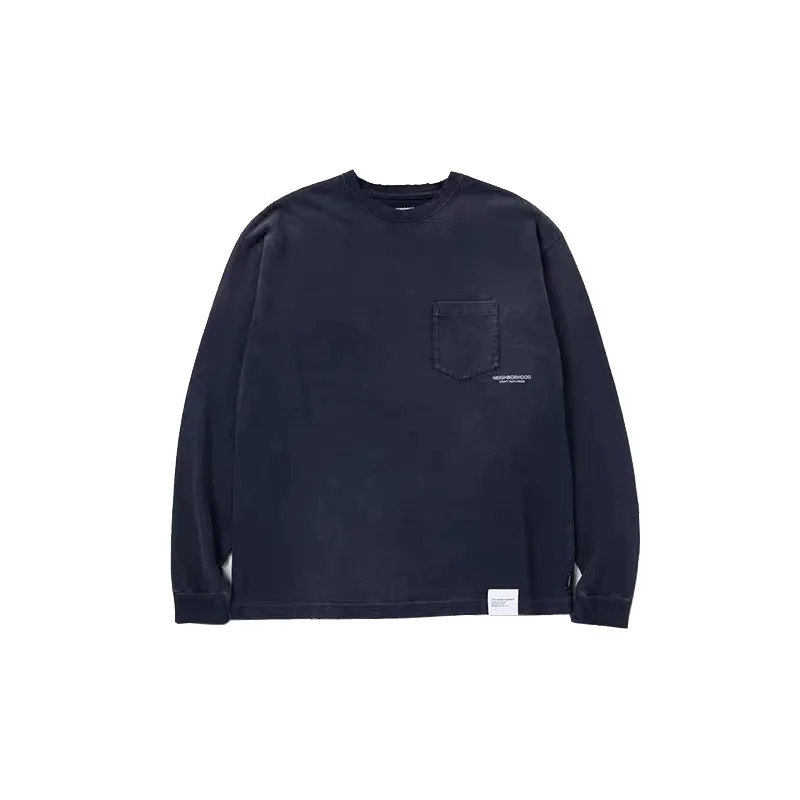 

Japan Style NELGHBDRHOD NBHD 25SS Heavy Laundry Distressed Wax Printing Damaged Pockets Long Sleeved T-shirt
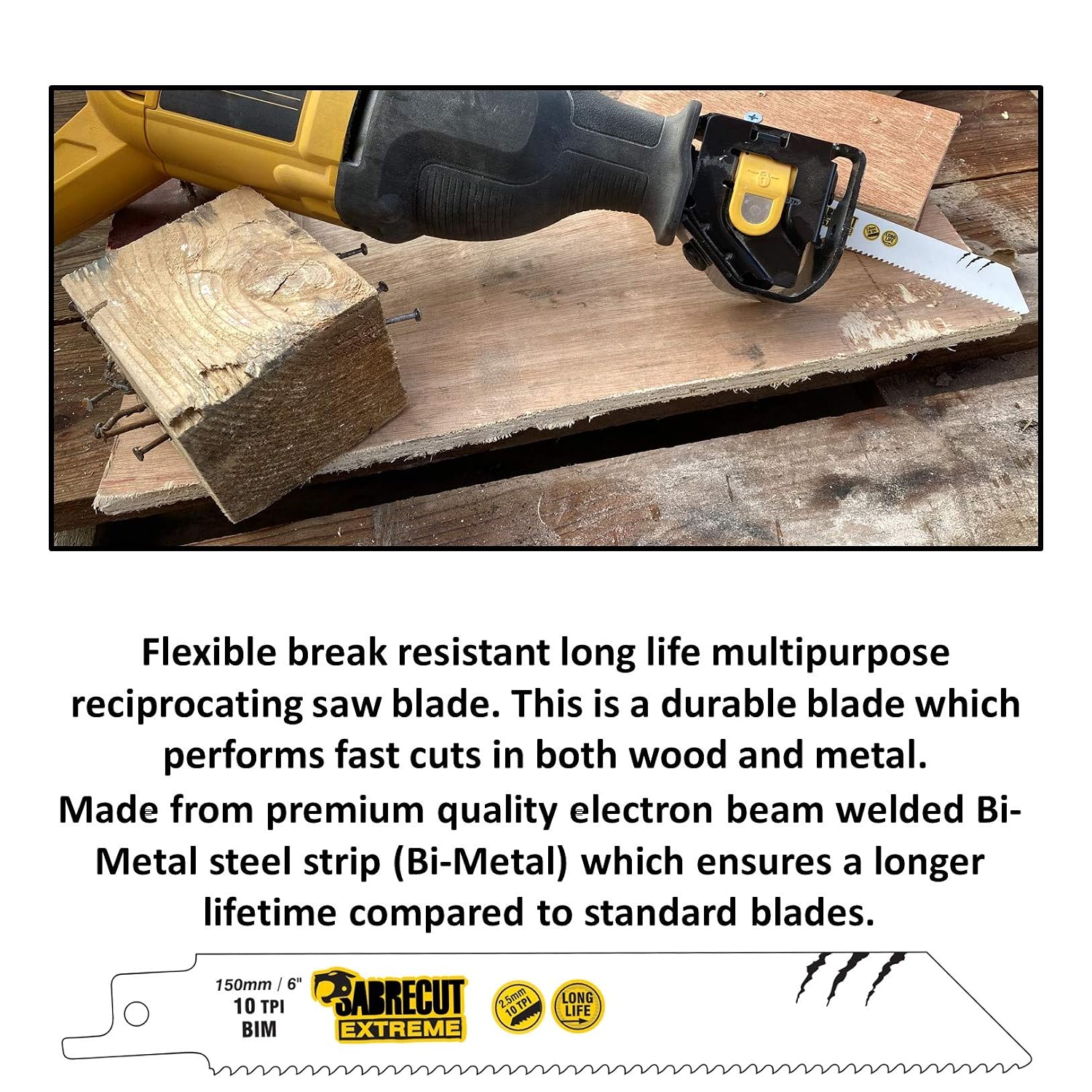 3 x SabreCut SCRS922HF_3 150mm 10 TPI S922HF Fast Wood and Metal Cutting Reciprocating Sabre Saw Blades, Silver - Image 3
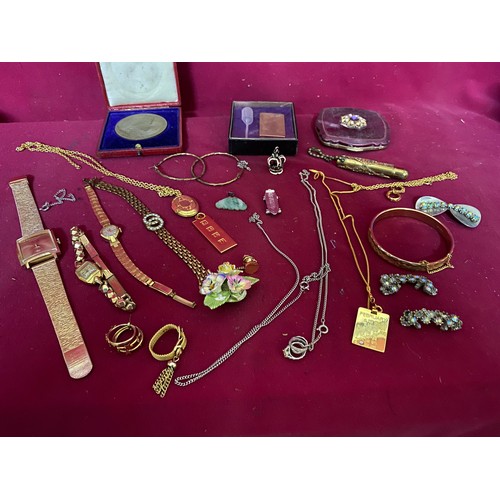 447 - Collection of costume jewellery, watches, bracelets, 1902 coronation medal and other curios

...

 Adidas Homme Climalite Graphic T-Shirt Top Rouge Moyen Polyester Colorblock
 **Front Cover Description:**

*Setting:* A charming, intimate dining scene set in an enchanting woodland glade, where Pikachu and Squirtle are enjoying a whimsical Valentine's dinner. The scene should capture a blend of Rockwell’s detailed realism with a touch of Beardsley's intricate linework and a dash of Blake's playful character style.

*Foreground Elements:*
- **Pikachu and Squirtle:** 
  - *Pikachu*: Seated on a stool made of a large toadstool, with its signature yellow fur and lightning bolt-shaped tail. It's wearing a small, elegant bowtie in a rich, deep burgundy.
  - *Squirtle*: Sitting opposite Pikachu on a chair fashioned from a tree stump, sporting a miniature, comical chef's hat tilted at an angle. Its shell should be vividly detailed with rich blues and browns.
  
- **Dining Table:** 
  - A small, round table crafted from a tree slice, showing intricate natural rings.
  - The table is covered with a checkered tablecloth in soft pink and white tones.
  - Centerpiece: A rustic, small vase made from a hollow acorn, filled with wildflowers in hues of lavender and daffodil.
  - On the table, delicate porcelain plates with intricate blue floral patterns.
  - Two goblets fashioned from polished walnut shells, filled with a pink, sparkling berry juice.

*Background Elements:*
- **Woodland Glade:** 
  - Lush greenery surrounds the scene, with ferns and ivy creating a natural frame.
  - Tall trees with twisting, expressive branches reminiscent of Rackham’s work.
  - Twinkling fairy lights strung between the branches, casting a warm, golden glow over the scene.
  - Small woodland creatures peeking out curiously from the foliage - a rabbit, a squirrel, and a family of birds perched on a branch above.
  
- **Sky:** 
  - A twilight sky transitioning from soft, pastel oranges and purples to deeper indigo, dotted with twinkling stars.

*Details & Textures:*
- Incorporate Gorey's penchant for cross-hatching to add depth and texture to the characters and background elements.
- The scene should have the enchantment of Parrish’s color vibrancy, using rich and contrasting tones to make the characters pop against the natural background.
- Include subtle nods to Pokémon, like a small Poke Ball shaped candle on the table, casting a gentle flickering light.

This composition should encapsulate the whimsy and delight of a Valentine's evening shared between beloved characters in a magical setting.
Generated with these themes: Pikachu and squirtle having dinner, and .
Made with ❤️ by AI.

...

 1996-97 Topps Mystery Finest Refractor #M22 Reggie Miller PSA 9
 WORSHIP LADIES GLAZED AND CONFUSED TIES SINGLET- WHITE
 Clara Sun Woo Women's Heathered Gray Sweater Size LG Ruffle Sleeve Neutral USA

TASK PROMPT -
Output exactly one stretch of the listing: from the line containing "- The scene" through the line containing "- Include subtle", both end lines included.

EXERCISE RESPONSE -
- The scene should have the enchantment of Parrish’s color vibrancy, using rich and contrasting tones to make the characters pop against the natural background.
- Include subtle nods to Pokémon, like a small Poke Ball shaped candle on the table, casting a gentle flickering light.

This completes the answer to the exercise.